Et voilà, j’ai l’impression d’avoir brisé un couple.
Mais, au Moyen Âge, une autre légende avait beaucoup plus de succès… Oui, oui, ça continue !
Les aventures françaises de Marie-Madeleine
Au XIe siècle, les moines de l’abbaye de Vézelay, en Bourgogne, font une annonce fracassante : ils possèdent les reliques de Marie-Madeleine !
Eh oui, rien que ça. Mais attendez un peu, pourquoi le corps de Marie-Madeleine se retrouverait-il en France, alors qu’elle vivait en Palestine ?
Les moines avancent leur version des faits. Accrochez-vous bien.
Après la résurrection du Christ, la vie de Marie-Madeleine continue. Comme d’autres disciples du Christ, elle est persécutée. Elle se retrouve à bord d’un bateau sans rames ni voiles, avec sa famille, dans l’intention de les faire périr en mer. Mais, contre toute attente, le bateau échoue miraculeusement sur les côtes près de l’actuelle Marseille, en Provence. Ce lieu est aujourd’hui connu sous le nom des Saintes-Maries-de-la-Mer.
Sur cette terre étrangère, Marie-Madeleine prêche le christianisme et se retire en ermite dans une grotte, la Sainte-Baume. Pendant 30 ans, elle fait pénitence et prie sans relâche jusqu’à sa mort. Son corps est enterré à Saint-Maximin, dans l’actuel département du Var.
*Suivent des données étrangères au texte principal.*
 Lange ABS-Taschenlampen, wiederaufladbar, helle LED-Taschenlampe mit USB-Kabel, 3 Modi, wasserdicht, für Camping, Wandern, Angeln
Toujours selon les moines français, la Provence est victime de raids sarrasins quelques siècles plus tard. Afin de protéger les précieuses reliques de Marie-Madeleine du vol ou de la destruction, celles-ci sont transportées en lieu sûr. Et devinez où elles atterrissent. À l’abbaye de Vézelay, bien sûr !
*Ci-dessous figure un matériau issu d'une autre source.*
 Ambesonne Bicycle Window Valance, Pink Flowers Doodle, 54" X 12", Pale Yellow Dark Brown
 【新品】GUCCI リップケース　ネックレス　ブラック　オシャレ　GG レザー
À partir du milieu du XIe siècle, Geoffroy l’abbé de ce monastère, promeut cette histoire avec un enthousiasme débordant : Marie-Madeleine a connu le Christ ; elle fut l’une de ses disciples les plus proches et ses reliques insignes sont à Vézelay ! Dès lors, le culte de Marie-Madeleine, jusque là assez confidentiel, explose en popularité en France. Les pèlerins affluent vers l’abbaye renommée La-Madeleine-de-Vézelay.
Une légende française contestée
Cependant, vous l’avez sûrement deviné, il n’y a aucune preuve historique ou archéologique solide pour soutenir cette tradition d’un séjour en France et d’un déplacement de reliques en Bourgogne. La Bible et les autres sources anciennes ne donnent aucune information sur ce qui est arrivé à Marie-Madeleine après sa rencontre avec le Christ ressuscité. Avant le XIe siècle, l’historien et abbé Victor Saxer (1918-2004) ne trouve aucune mention de traces de Marie-Madeleine en France. Il conclut à une affabulation des moines.
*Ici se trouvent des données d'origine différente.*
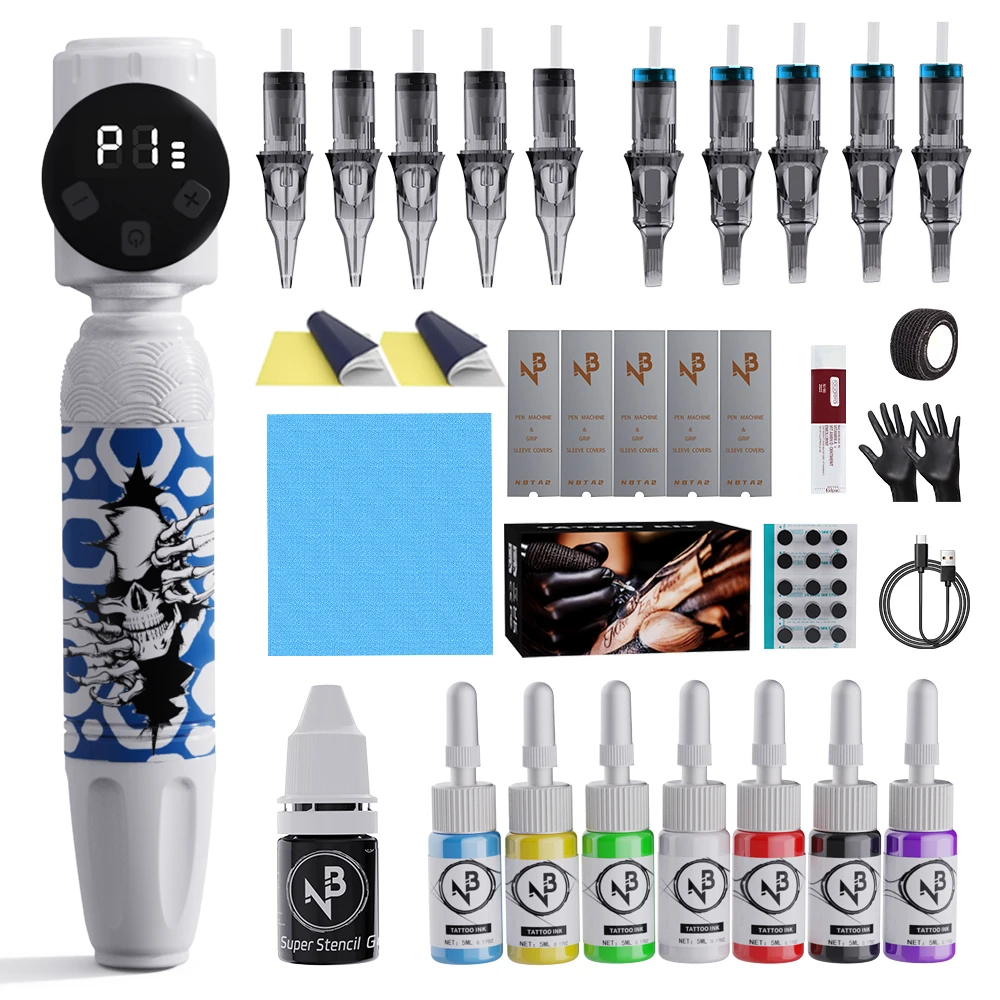 Комплект беспроводной ручки для татуировки, беспроводная тату-машинка, включает 10 игл для татуировки и 2 одноразовых чашки с чернилами для татуировки, держатель ручки для тату-ручки, переводная бумага и другие принадлежности для татуировок, подходят для
Комплект беспроводной ручки для татуировки, беспроводная тату-машинка, включает 10 игл для татуировки и 2 одноразовых чашки с чернилами для татуировки, держатель ручки для тату-ручки, переводная бумага и другие принадлежности для татуировок, подходят для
D’ailleurs, dès le Moyen Âge, la crédibilité des moines de Vézelay se fissure. À l’abbaye de Saint-Maximin, où Marie-Madeleine aurait été d’abord enterrée, la version bourguignonne est vivement contestée. Pour les moines provencaux, ses reliques n’ont jamais pu parvenir à Vézelay pour une bonne raison : leur monastère conserve encore le sarcophage de Marie-Madeleine et son corps y repose toujours ! En d’autres termes, Vézelay et Saint-Maximin se disputent la propriété des reliques. Le pape est requis pour arbitrer entre les deux monastères. Finalement, il authentifie les reliques de Saint-Maximin.
Dans les deux cas, il semble que la légende ait été créée pour renforcer la popularité de ces lieux de pèlerinage. Et il faut avouer que ça a plutôt bien fonctionné, car les églises abbatiales de Vézelay et de Saint-Maximin sont magnifiques et imposantes.
Maintenant que nous avons démystifié l’histoire de Marie-Madeleine avant et après sa mort, passons aux travaux pratiques.
Reconnaître Marie-Madeleine dans l’art religieux
Marie-Madeleine est un personnage biblique fréquemment représenté dans l’art sacré des églises. Je vous donne quelques indices pour la reconnaître dans les vitraux, les sculptures ou les tableaux.
D’après mes observations, Marie-Madeleine apparaît surtout dans deux scènes-clés.
Noli me tangere : Ça sonne latin et vous avez raison. Cette scène, tirée de l’Évangile de Jean, signifie « Ne me touche pas ». Elle représente le moment où Marie-Madeleine rencontre Jésus ressuscité près du tombeau et le reconnaît quand il l’appelle par son nom. Jésus lui dit alors de ne pas le toucher, car il n’est pas encore monté vers le Père.
Marie-Madeleine est un personnage récurrent des Mises aux tombeaux. Le Christ est déposé dans un sarcophage par quelques fidèles.
Plus rarement, vous pouvez l’apercevoir dans les scènes de Crucifixion au pied de la Croix, conformément à l’Évangile de saint Jean.
Enfin, elle fait partie des femmes qui se rendent au tombeau du Christ pour y porter des aromates. Elles découvrent un sarcophage ouvert et vide. Dans les représentations de cette scène, Marie-Madeleine ne se distingue pas toujours de ses compagnes.
Les deux indices à connaître
Lorsque Marie-Madeleine est représentée dans une scène ou hors contexte, soyez attentif à ses attributs habituels.
En premier lieu, regardez les cheveux. Marie-Madeleine est souvent représentée avec les cheveux détachés. Jusqu’à la rédaction de cet article, je pensais que cette caractéristique capillaire trahissait son passé supposé de prostituée. Autrefois une femme de bonnes mœurs cachait ses cheveux sous un voile. Mais maintenant, je crois que ce détail fait écho à l’histoire de la pécheresse qui a versé du parfum sur les pieds de Jésus et les a essuyés avec ses cheveux.
Ensuite, cherchez une urne d’onguent dans la main ou à proximité de la sainte. C’est une référence à un autre épisode biblique quand, avec deux autres femmes (dont je vous épargne les prénoms), Marie-Madeleine se rend au tombeau du Christ pour embaumer le corps du crucifié. L’urne contient le baume à base de myrrhe et d’aloès. Mais arrivées sur le site, les femmes trouvent un tombeau ouvert et vide. Le Christ aurait-il ressuscité ? Je ne vous divulgâcherai pas la fin de l’histoire 🙂
Enfin, observez le décor. Marie-Madeleine est parfois représentée dans un paysage sauvage ou une grotte, faisant référence à la légende de sa vie d’ermite en Provence.
Vous êtes maintenant prêt à repérer Marie-Madeleine la prochaine fois que vous visiterez une église ou un musée. Mais ayez conscience que vous regardez une figure largement inventée.